=== ABOUT THIS TASK ===
The entries below must be repeated exactly. None may be skipped.

=== DATA EXTRACT ===
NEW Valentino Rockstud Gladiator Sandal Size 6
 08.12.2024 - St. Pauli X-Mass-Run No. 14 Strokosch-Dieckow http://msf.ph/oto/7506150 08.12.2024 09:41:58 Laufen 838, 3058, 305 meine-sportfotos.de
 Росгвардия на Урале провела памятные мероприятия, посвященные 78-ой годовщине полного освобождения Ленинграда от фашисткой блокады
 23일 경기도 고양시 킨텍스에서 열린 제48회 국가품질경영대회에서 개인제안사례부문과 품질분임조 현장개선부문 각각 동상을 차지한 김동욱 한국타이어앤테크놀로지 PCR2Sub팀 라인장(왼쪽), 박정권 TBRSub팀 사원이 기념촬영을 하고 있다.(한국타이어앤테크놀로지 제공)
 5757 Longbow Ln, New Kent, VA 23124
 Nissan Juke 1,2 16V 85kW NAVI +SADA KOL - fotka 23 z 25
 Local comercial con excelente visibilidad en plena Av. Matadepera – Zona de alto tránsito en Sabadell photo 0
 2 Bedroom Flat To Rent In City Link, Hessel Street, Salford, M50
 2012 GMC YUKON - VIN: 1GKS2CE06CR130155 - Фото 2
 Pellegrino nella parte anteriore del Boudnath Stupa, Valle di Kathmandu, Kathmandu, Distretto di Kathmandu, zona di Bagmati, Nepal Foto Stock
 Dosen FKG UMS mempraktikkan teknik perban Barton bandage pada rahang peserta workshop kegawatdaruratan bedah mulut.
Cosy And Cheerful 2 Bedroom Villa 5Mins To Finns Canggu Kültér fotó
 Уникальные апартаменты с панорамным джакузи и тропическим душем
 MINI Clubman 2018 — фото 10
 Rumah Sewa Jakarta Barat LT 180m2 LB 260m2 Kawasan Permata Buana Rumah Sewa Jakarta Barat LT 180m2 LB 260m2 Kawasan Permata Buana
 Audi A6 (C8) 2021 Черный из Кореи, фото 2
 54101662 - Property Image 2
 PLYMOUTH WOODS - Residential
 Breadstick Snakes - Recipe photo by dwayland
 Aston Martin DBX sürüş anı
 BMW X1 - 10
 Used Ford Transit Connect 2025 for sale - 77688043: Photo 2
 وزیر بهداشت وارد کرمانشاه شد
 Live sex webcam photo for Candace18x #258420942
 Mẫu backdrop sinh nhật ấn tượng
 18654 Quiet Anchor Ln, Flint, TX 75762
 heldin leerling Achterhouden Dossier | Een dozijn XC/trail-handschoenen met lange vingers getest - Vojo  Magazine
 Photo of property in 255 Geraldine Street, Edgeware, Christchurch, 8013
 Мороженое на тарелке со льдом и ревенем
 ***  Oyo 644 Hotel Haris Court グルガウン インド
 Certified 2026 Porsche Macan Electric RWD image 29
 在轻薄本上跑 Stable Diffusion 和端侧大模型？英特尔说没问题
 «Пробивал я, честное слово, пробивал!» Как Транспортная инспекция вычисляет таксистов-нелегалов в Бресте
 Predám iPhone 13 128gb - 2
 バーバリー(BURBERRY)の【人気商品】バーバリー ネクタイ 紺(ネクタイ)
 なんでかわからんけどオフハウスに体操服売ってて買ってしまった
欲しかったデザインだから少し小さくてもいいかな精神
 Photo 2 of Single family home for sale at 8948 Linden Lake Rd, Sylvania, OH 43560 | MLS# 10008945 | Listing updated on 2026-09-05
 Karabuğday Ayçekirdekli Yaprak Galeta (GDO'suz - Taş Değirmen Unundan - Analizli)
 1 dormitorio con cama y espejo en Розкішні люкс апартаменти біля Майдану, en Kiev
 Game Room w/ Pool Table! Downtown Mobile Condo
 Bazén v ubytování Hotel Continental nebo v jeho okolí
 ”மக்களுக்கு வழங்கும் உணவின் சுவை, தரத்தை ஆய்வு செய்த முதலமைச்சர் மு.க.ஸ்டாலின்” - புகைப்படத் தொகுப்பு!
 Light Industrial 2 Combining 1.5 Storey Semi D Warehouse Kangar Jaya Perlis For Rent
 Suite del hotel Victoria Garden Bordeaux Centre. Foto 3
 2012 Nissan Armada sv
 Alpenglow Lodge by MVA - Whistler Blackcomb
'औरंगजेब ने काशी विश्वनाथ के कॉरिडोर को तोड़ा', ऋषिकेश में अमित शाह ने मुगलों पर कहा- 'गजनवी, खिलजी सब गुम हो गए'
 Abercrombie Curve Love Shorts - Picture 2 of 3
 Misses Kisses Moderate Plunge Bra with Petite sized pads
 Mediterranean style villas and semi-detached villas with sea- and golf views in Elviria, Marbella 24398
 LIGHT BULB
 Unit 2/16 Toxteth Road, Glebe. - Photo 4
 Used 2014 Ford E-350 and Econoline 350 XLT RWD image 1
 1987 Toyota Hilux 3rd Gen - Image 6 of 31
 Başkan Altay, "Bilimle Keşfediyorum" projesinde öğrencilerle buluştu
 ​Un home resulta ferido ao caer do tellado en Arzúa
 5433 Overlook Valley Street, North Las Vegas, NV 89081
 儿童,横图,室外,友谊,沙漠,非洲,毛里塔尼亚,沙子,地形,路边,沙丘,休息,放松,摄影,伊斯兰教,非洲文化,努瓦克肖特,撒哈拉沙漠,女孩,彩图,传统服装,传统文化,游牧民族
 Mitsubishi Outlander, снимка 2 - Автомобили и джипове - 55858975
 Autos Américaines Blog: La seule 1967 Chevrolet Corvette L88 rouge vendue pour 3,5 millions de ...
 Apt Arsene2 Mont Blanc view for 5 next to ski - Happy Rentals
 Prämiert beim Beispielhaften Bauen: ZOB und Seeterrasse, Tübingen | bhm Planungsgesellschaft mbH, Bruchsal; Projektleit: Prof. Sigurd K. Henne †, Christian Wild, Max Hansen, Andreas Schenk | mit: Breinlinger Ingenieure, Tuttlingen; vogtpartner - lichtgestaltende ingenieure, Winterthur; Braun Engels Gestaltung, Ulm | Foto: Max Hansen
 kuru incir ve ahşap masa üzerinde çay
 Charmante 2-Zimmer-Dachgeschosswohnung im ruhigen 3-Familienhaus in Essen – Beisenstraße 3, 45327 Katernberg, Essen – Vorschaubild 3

=== ANSWER FOR THIS EXERCISE ===
NEW Valentino Rockstud Gladiator Sandal Size 6
 08.12.2024 - St. Pauli X-Mass-Run No. 14 Strokosch-Dieckow http://msf.ph/oto/7506150 08.12.2024 09:41:58 Laufen 838, 3058, 305 meine-sportfotos.de
 Росгвардия на Урале провела памятные мероприятия, посвященные 78-ой годовщине полного освобождения Ленинграда от фашисткой блокады
 23일 경기도 고양시 킨텍스에서 열린 제48회 국가품질경영대회에서 개인제안사례부문과 품질분임조 현장개선부문 각각 동상을 차지한 김동욱 한국타이어앤테크놀로지 PCR2Sub팀 라인장(왼쪽), 박정권 TBRSub팀 사원이 기념촬영을 하고 있다.(한국타이어앤테크놀로지 제공)
 5757 Longbow Ln, New Kent, VA 23124
 Nissan Juke 1,2 16V 85kW NAVI +SADA KOL - fotka 23 z 25
 Local comercial con excelente visibilidad en plena Av. Matadepera – Zona de alto tránsito en Sabadell photo 0
 2 Bedroom Flat To Rent In City Link, Hessel Street, Salford, M50
 2012 GMC YUKON - VIN: 1GKS2CE06CR130155 - Фото 2
 Pellegrino nella parte anteriore del Boudnath Stupa, Valle di Kathmandu, Kathmandu, Distretto di Kathmandu, zona di Bagmati, Nepal Foto Stock
 Dosen FKG UMS mempraktikkan teknik perban Barton bandage pada rahang peserta workshop kegawatdaruratan bedah mulut.
Cosy And Cheerful 2 Bedroom Villa 5Mins To Finns Canggu Kültér fotó
 Уникальные апартаменты с панорамным джакузи и тропическим душем
 MINI Clubman 2018 — фото 10
 Rumah Sewa Jakarta Barat LT 180m2 LB 260m2 Kawasan Permata Buana Rumah Sewa Jakarta Barat LT 180m2 LB 260m2 Kawasan Permata Buana
 Audi A6 (C8) 2021 Черный из Кореи, фото 2
 54101662 - Property Image 2
 PLYMOUTH WOODS - Residential
 Breadstick Snakes - Recipe photo by dwayland
 Aston Martin DBX sürüş anı
 BMW X1 - 10
 Used Ford Transit Connect 2025 for sale - 77688043: Photo 2
 وزیر بهداشت وارد کرمانشاه شد
 Live sex webcam photo for Candace18x #258420942
 Mẫu backdrop sinh nhật ấn tượng
 18654 Quiet Anchor Ln, Flint, TX 75762
 heldin leerling Achterhouden Dossier | Een dozijn XC/trail-handschoenen met lange vingers getest - Vojo  Magazine
 Photo of property in 255 Geraldine Street, Edgeware, Christchurch, 8013
 Мороженое на тарелке со льдом и ревенем
 ***  Oyo 644 Hotel Haris Court グルガウン インド
 Certified 2026 Porsche Macan Electric RWD image 29
 在轻薄本上跑 Stable Diffusion 和端侧大模型？英特尔说没问题
 «Пробивал я, честное слово, пробивал!» Как Транспортная инспекция вычисляет таксистов-нелегалов в Бресте
 Predám iPhone 13 128gb - 2
 バーバリー(BURBERRY)の【人気商品】バーバリー ネクタイ 紺(ネクタイ)
 なんでかわからんけどオフハウスに体操服売ってて買ってしまった
欲しかったデザインだから少し小さくてもいいかな精神
 Photo 2 of Single family home for sale at 8948 Linden Lake Rd, Sylvania, OH 43560 | MLS# 10008945 | Listing updated on 2026-09-05
 Karabuğday Ayçekirdekli Yaprak Galeta (GDO'suz - Taş Değirmen Unundan - Analizli)
 1 dormitorio con cama y espejo en Розкішні люкс апартаменти біля Майдану, en Kiev
 Game Room w/ Pool Table! Downtown Mobile Condo
 Bazén v ubytování Hotel Continental nebo v jeho okolí
 ”மக்களுக்கு வழங்கும் உணவின் சுவை, தரத்தை ஆய்வு செய்த முதலமைச்சர் மு.க.ஸ்டாலின்” - புகைப்படத் தொகுப்பு!
 Light Industrial 2 Combining 1.5 Storey Semi D Warehouse Kangar Jaya Perlis For Rent
 Suite del hotel Victoria Garden Bordeaux Centre. Foto 3
 2012 Nissan Armada sv
 Alpenglow Lodge by MVA - Whistler Blackcomb
'औरंगजेब ने काशी विश्वनाथ के कॉरिडोर को तोड़ा', ऋषिकेश में अमित शाह ने मुगलों पर कहा- 'गजनवी, खिलजी सब गुम हो गए'
 Abercrombie Curve Love Shorts - Picture 2 of 3
 Misses Kisses Moderate Plunge Bra with Petite sized pads
 Mediterranean style villas and semi-detached villas with sea- and golf views in Elviria, Marbella 24398
 LIGHT BULB
 Unit 2/16 Toxteth Road, Glebe. - Photo 4
 Used 2014 Ford E-350 and Econoline 350 XLT RWD image 1
 1987 Toyota Hilux 3rd Gen - Image 6 of 31
 Başkan Altay, "Bilimle Keşfediyorum" projesinde öğrencilerle buluştu
 ​Un home resulta ferido ao caer do tellado en Arzúa
 5433 Overlook Valley Street, North Las Vegas, NV 89081
 儿童,横图,室外,友谊,沙漠,非洲,毛里塔尼亚,沙子,地形,路边,沙丘,休息,放松,摄影,伊斯兰教,非洲文化,努瓦克肖特,撒哈拉沙漠,女孩,彩图,传统服装,传统文化,游牧民族
 Mitsubishi Outlander, снимка 2 - Автомобили и джипове - 55858975
 Autos Américaines Blog: La seule 1967 Chevrolet Corvette L88 rouge vendue pour 3,5 millions de ...
 Apt Arsene2 Mont Blanc view for 5 next to ski - Happy Rentals
 Prämiert beim Beispielhaften Bauen: ZOB und Seeterrasse, Tübingen | bhm Planungsgesellschaft mbH, Bruchsal; Projektleit: Prof. Sigurd K. Henne †, Christian Wild, Max Hansen, Andreas Schenk | mit: Breinlinger Ingenieure, Tuttlingen; vogtpartner - lichtgestaltende ingenieure, Winterthur; Braun Engels Gestaltung, Ulm | Foto: Max Hansen
 kuru incir ve ahşap masa üzerinde çay
 Charmante 2-Zimmer-Dachgeschosswohnung im ruhigen 3-Familienhaus in Essen – Beisenstraße 3, 45327 Katernberg, Essen – Vorschaubild 3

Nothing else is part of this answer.